Et nous arrivons près d' une cabane forestière. Refuge ou traquenard ? Je m'en approche avec prudence. Je m'arrête et j'observe, d'assez loin, caché derrière un arbre. Tout est calme et silencieux. Rien ne bouge. Mon camarade surveille nos arrières, car telle est notre tactique. Je me rapproche et par une fenêtre sans rideaux, je jette un coup d'œil à l'intérieur de la maisonnette . Il n'y a personne. Rassuré, je pousse la porte qui n'est pas verrouillée et j'entre. La cabane ne contient que quelques meubles rustiques, sans doute destinés aux gardes-chasse. J'inspecte les lieux sans y découvrir la trace récente d'une présence humaine, hormis un banal calendrier des Postes de l'année, accroché au mur. Banal ? Pas tant que cela pour moi. Car je peux y voir le portrait familier du vieux maréchal qui, à nos yeux, incarne toujours la patrie confrontée à l'ennemi. Comment pourrions-nous imaginer qu'il l'a déjà trahie?
Enfin, c'est une certitude, nous sommes en France ! Bonheur et délivrance. Nous avons atteint notre premier but qui n'était pas le plus simple. Le cœur plus léger maintenant, délivrés de nos appréhensions les plus fortes, nous pouvons nous restaurer et nous reposer en toute quiétude. Puis, nous nous remettons en chemin. Insensiblement, nous avons quitté la montagne, descendu son versant ; et nous avançons désormais dans la plaine, en évitant toutefois la grand-route que nous longeons à bonne distance. Sait-on jamais ? Et nous parvenons enfin aux abords d'un modeste village, un village qui porte un nom français ; j'en relis lentement chaque lettre, tant elles sont douces à mon cœur.

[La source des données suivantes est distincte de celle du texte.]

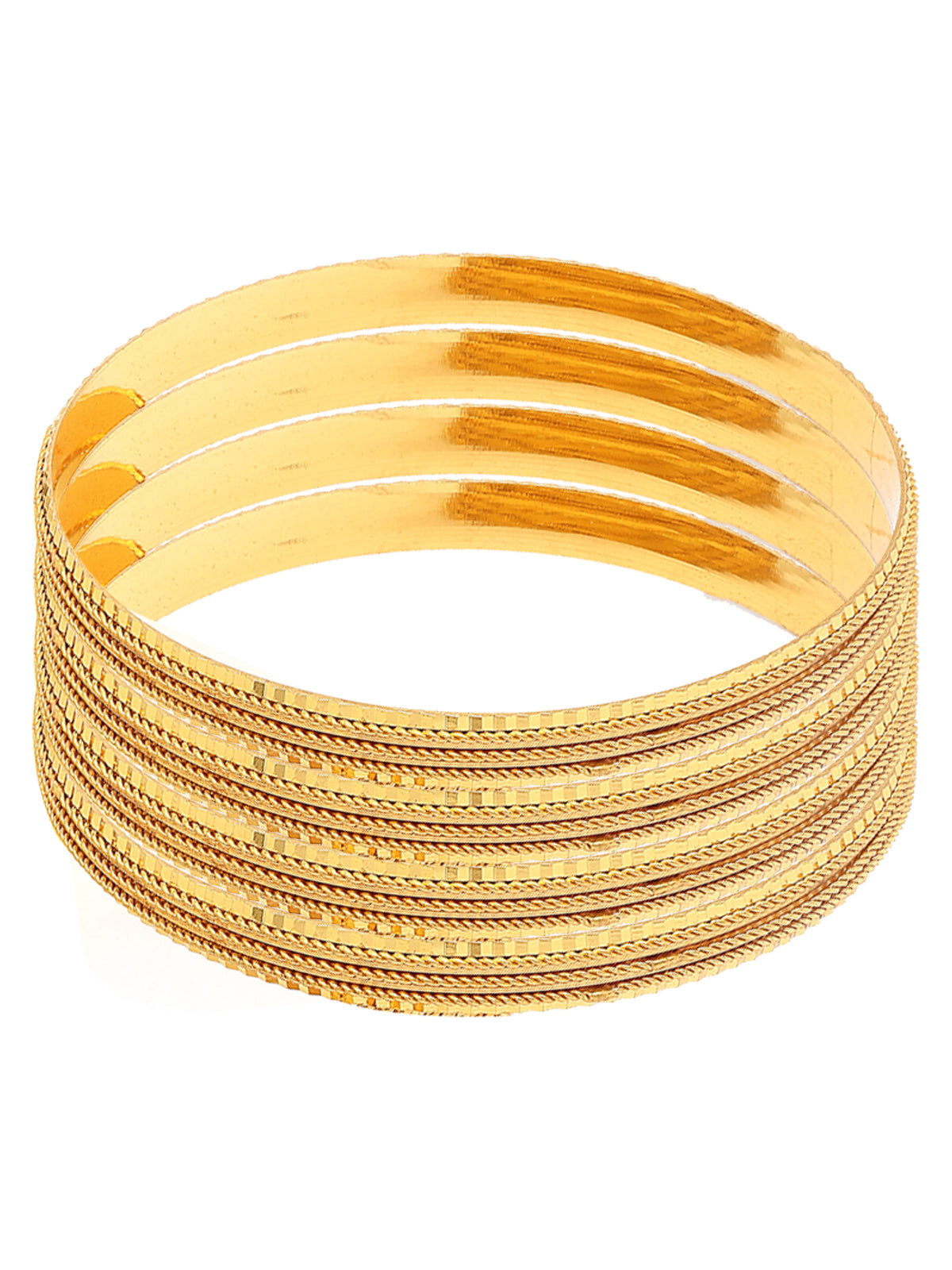 Sukkhi Indian Traditional One Gram Gold Plated Set of 4 Bangle Jewellery For Women & Girls|Gifts for Wife Girlfriend Mother Sister|B107304
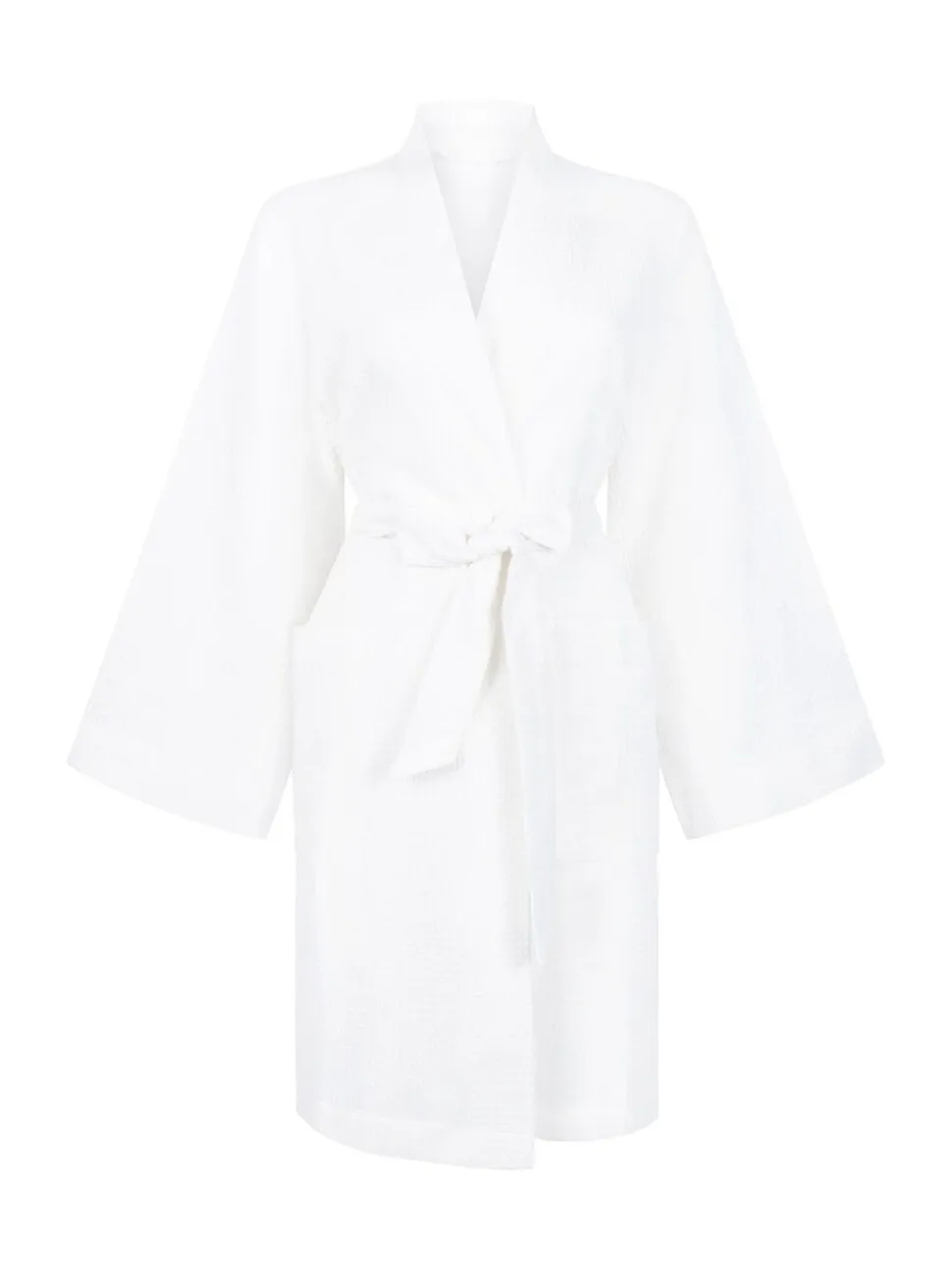 Wit - Hunkemöller Waffle White Bathrobe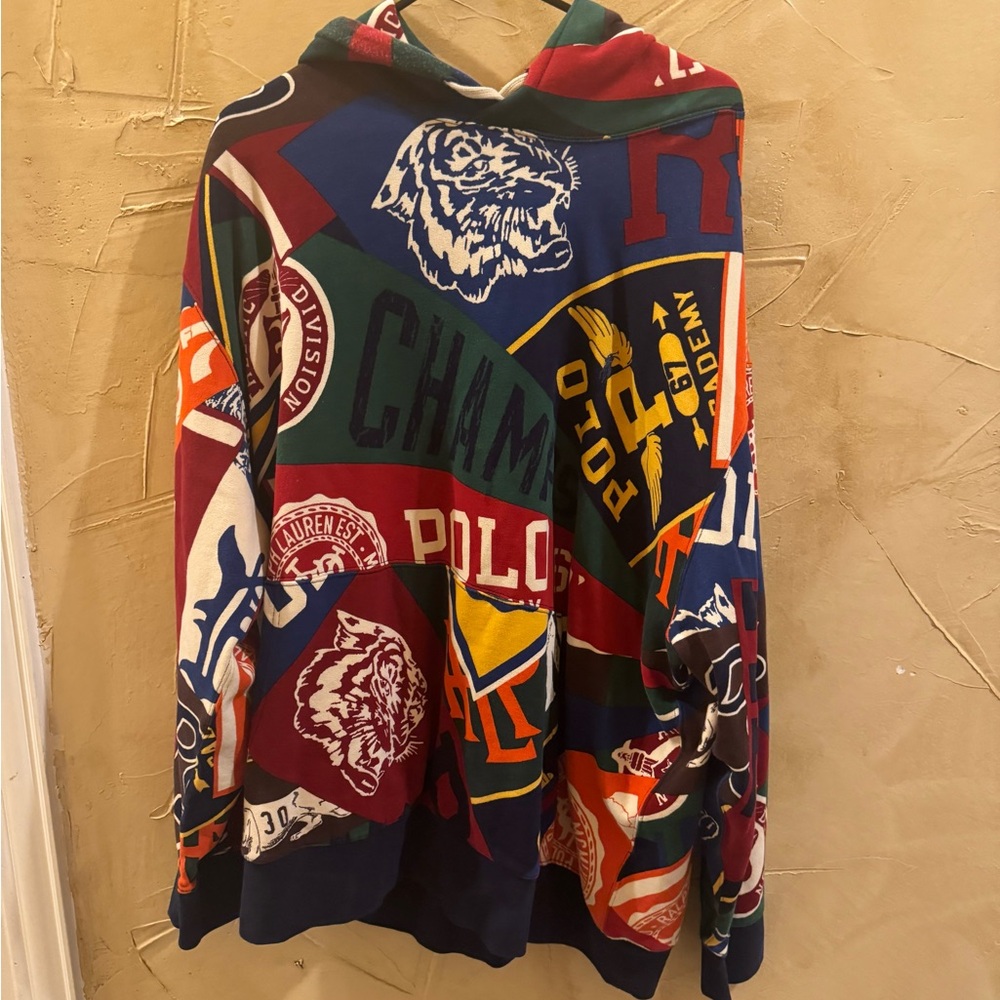 Ralph Lauren Multicolor Polo Hoodie 2XB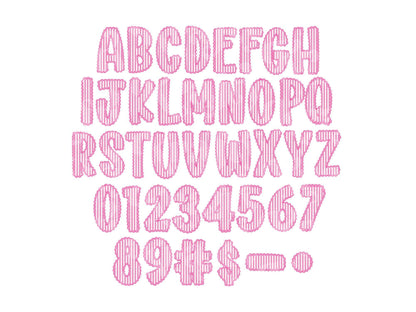 Christmas Seersucker Lace Alpha PNG Set, Alphabet Clipart, Hand Drawn Doodle Letters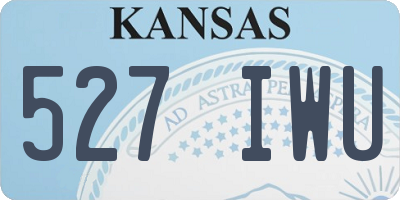 KS license plate 527IWU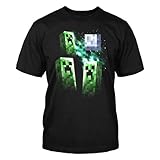 Minecraft Three Creeper Moon Men's T-Shirt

Après une halte d'une petite heure dans la cabane forestière , nous repartons pour nous rendre à Saint-Dié, notre prochaine étape. Là, je dois remettre à une personne désignée des documents que m'a confiés le Lieutenant Laeuffer et que je tiens cachés sous mes vêtements. Dans ces papiers se trouvent aussi le plan et les itinéraires que nous devons suivre , les lieux où nous devons aller et les directions que nous devons prendre pour ne pas nous perdre en route. C'est pourquoi ma boussole, seul instrument pour nous orienter de nuit, en pleine nature, me sera encore d'une aide si précieuse.